Interestingly, we also found increased cortical thickness in the right precuneus, increased gyrification index in the left inferior parietal lobule, and increased GM volume in the left medial frontal gyrus in ToF children. Cortical thickness is used to assess volumetric growth, and the gyrification index is used as a measure of maturation.23 MRI studies of typical development suggest cortical thickness, gyrification and volume increased in early childhood.29 In addition, volume ratio is used to provide information on brain maturation at brain scale,30 and has been reported in fetuses and neonates with CHD.31,32 In this study, there are no significant differences in brain volume ratios between children with ToF and normal controls. Taken together, we speculated that the discrepancy in cortical morphology in our cohort may derive from disturbances in typical development. Peyvandi et al. proposed that brain structure alterations may be the result of the complex interaction between heart disease, brain injury, and brain growth.33 Furthermore, we also found a negative correlation between gyrification index in the inferior parietal lobule and working memory index in the current study, which may indicate worse working memory performance in children with ToF. Since CPB time was negatively correlated with working memory index, we speculated that a greater time of CPB may increase the risk of adverse neurodevelopmental outcomes in preschool-aged children with ToF.

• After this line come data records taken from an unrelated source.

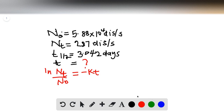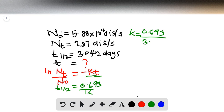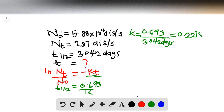We need to find t, but we don't have k yet. From the data we've been given, we have the half-life, and using the half-life equation we can relate the half-life to k, the decay rate constant. That is: k equals 0.693 divided by the half-life, so k equals 0.693 divided by 3.042 days, which gives k equals 0.2278 per day.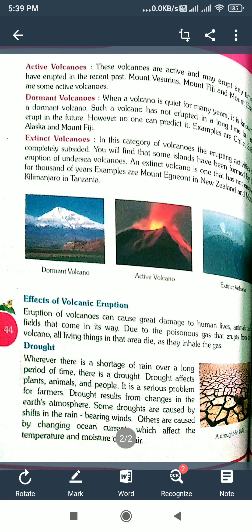What are the effects of volcanoes? Volcanoes can cause great damage to human lives, animals and fields that come in their way. When a volcano erupts, it can cause great damage to human lives.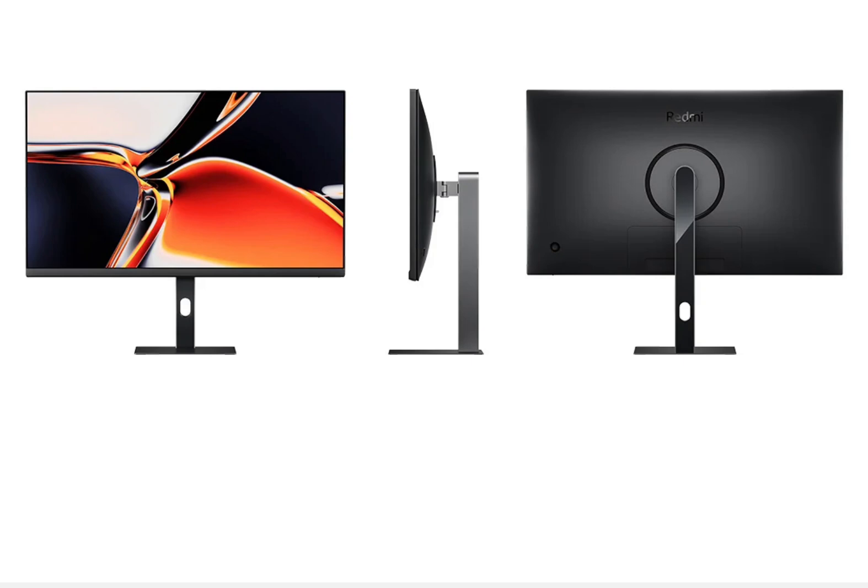The IPS panel offers a wide color gamut coverage, with 100% coverage of the color space.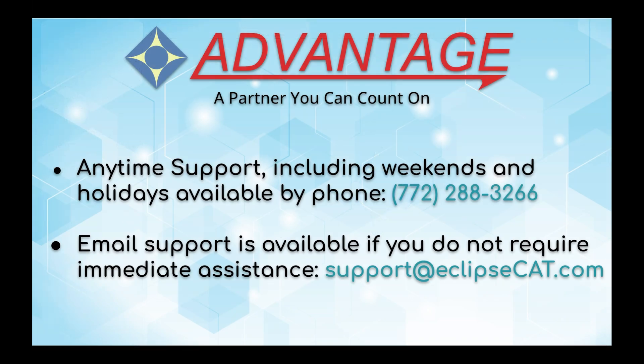Don't forget that Advantage Software offers anytime support. Tech support can be reached with any question, anytime, including weekends and holidays at 772-288-3266. Email support is also available at support at EclipseCat.com.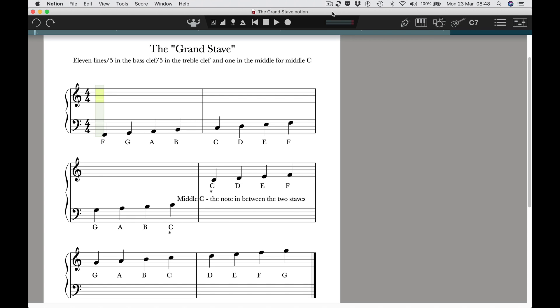One of the questions I get asked a lot is why do we have a treble and a bass clef. Why don't we write everything out in the treble clef that we know really well? The answer is of course...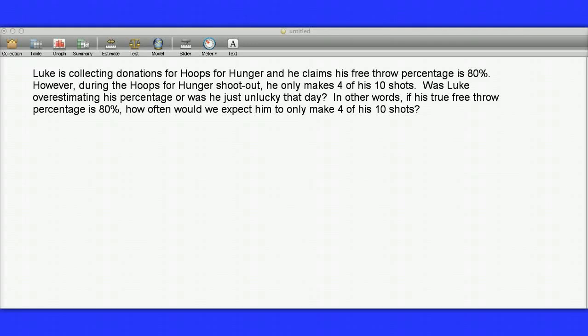To help us understand how to do simulations on Fathom, I've created this short example. Here we have Luke collecting donations for Hoops for Hunger, and he claims his free throw percentage is 80%.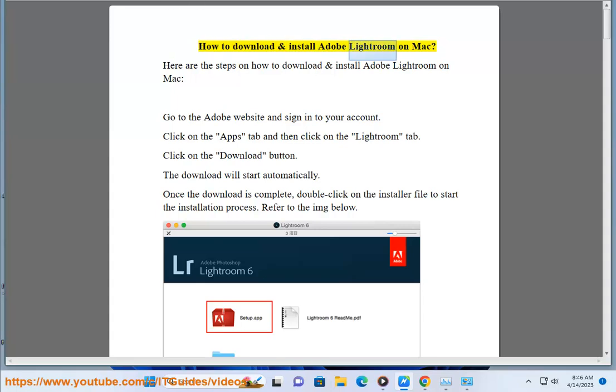How to download and install Adobe Lightroom on Mac. Here are the steps on how to download and install Adobe Lightroom on Mac.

In addition, we did not find any association between cortical structure and neurodevelopmental outcomes in multiple linear regression analysis, controlled for sex, age at MRI, time of ACC, time of CPB, ICU stay, family annual income, and parental education. Socioeconomic status, time of ACC, time of CPB, and ICU stay are well-known risk factors of adverse neurodevelopmental outcome of children with CHD.34 In our study, these risk factors seem to be stronger predictors of adverse neurodevelopmental outcome than altered cortical structure. Perhaps, larger sample size may better determine the association between cortical structure and neurodevelopmental outcomes in children with ToF.

The present study has several limitations. First, the sample size is intermediate. However, to the best of our knowledge, the sample size is large relative to those of other brain structure studies in children with CHD, with the participants representing a homogeneous ToF population. In subsequent studies, we will increase the sample size to improve the reliability of the results. Second, cognitive assessment of healthy controls was lacking in the present study. The parents of the healthy controls reported that the intelligence of their children was normal, and they refused to have their children undergo cognitive assessment. Third, we used the adult template for normalization in image analysis, which may impose biases and limitations and miss important differences between populations. In a subsequent study, we will further find the appropriate age-specific template for neuroimaging analysis. Last, this study was a one-time follow-up study. It is very important that both multimode brain MRI and neurocognitive testing should be performed at different time points before and after surgery to better understand the morphologic changes and cognitive impairment processes in participants with ToF.

Conclusions

In the current study, we find cortical structure alterations and their correlations with both neurocognitive changes and clinical factors in preschool-aged children with ToF, which suggests that cortical morphology can be used as an effective tool for the research setting to evaluate neuroanatomical changes and detect underlying neural mechanisms in ToF patients. Furthermore, an abnormal cortical structure may be the continuous consequence of delayed fetal brain development in children with ToF, which suggests that longitudinal follow-up should be performed to determine whether this brain abnormality continues into adolescence and adulthood.